Cusack reckons he has another hundred stories surrounding changing the game ball. It was important because various balls behaved in very different ways. He says too that he has sat in 'The Sunday Game' studio and watched teams pulling all sorts of stunts to get the ball they wanted in play.

He's not complaining. It's just a fact of life in hurling. And besides, he admits his Cork team had it down to a fine art. In the 2005 Munster final, Tipperary won a penalty. Cusack and Cork had a plan for such situations.

"We practised it, that if there was a penalty given, that what we'd do is that one of us would cause a diversion, give out to the referee, all get around 'bladdy, bladdy blah.' And then another ball, we'd roll it in. The important thing was that it shouldn't be me rolling it into play.

"The other ball would just be struck away. You'd be planning things like that but a thousand times it might never come off.

"But then in the Munster final, ball comes in, Sully (Diarmuid O'Sullivan) gives away a penalty and everyone kicks into gear. The ball that was in use is driven away and the next minute the other ball was rolled in.

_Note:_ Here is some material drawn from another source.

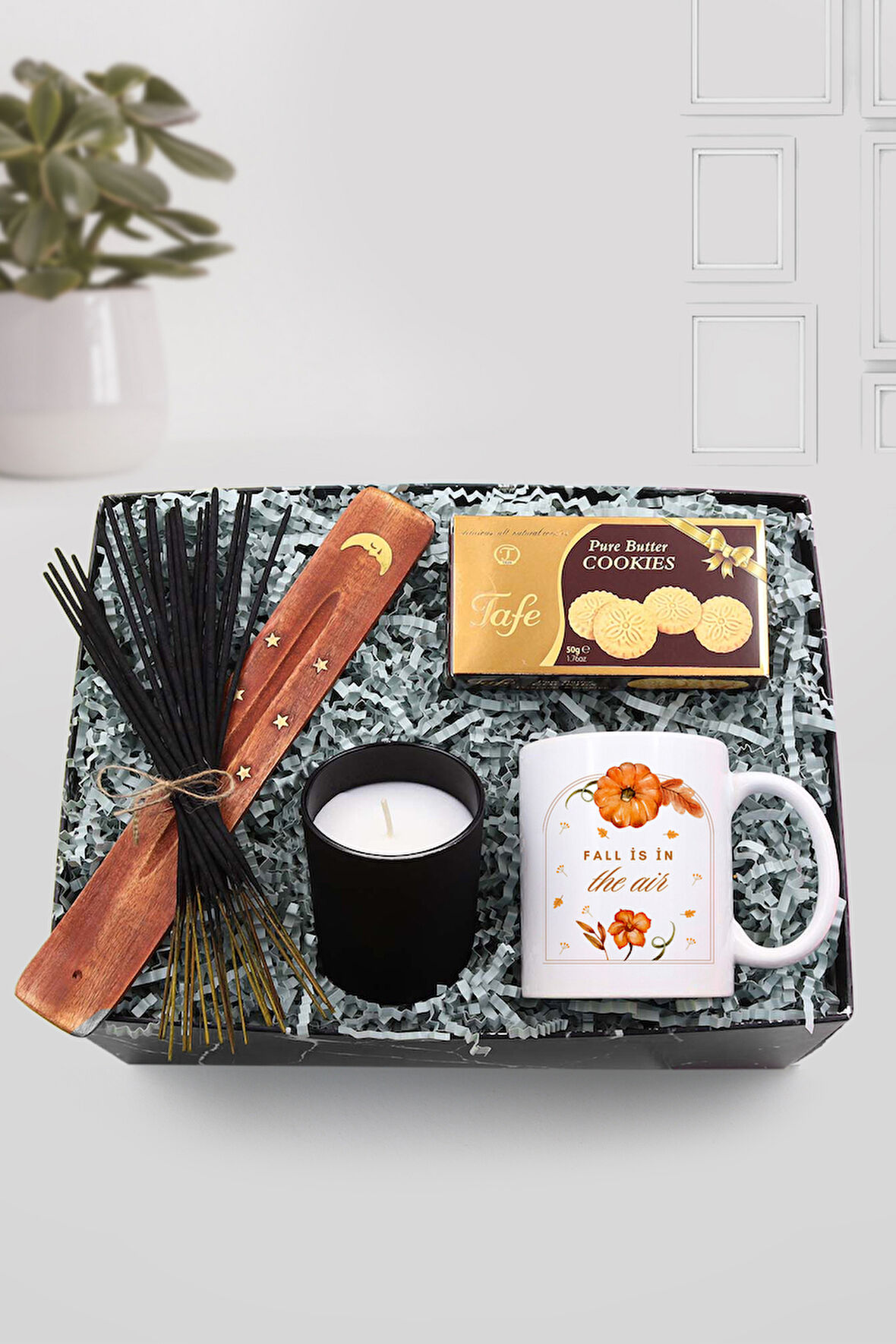 Yıldızlı Kupa & Çubuk Tütsü & Kurabiye & Vanilya Kokuku Bardak Mum Hediye Seti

I remember looking at Eoin Kelly that day and I says, 'That ball is not going to go as hard as you think it's going to go'. Eoin has said it himself since, that even when he picked it up he just sensed that there was something not right with that ball. But that's the game, that's one instance."

The tricks, however, didn't always come off.

"In the mid 2000s that game of cat and mouse was going on. I remember Paul Codd, we were playing Wexford in an All-Ireland semi-final, and I'd say he nearly drove it (the ball) out over Croke Park. He picked it up, I think it was Paul Codd, and I'm thinking, 'Fair play to you, you are on the ball'.

"Because he picked up the ball and he knew. It actually had Wexford written on it. He knew like."

Change is on the horizon. Croke Park has long acknowledged that a standardised sliotar is required and it is finally set to come into play from next year. In theory, it should end all the tricks.

"If you went around club matches and got ten balls and got the same man striking them. He'd strike them different distances, you'd have balls with big rims and you'd see them wavering in the air because of the shape of the rims.

"I'd fully support standardising the ball because everyone is on the one playing field."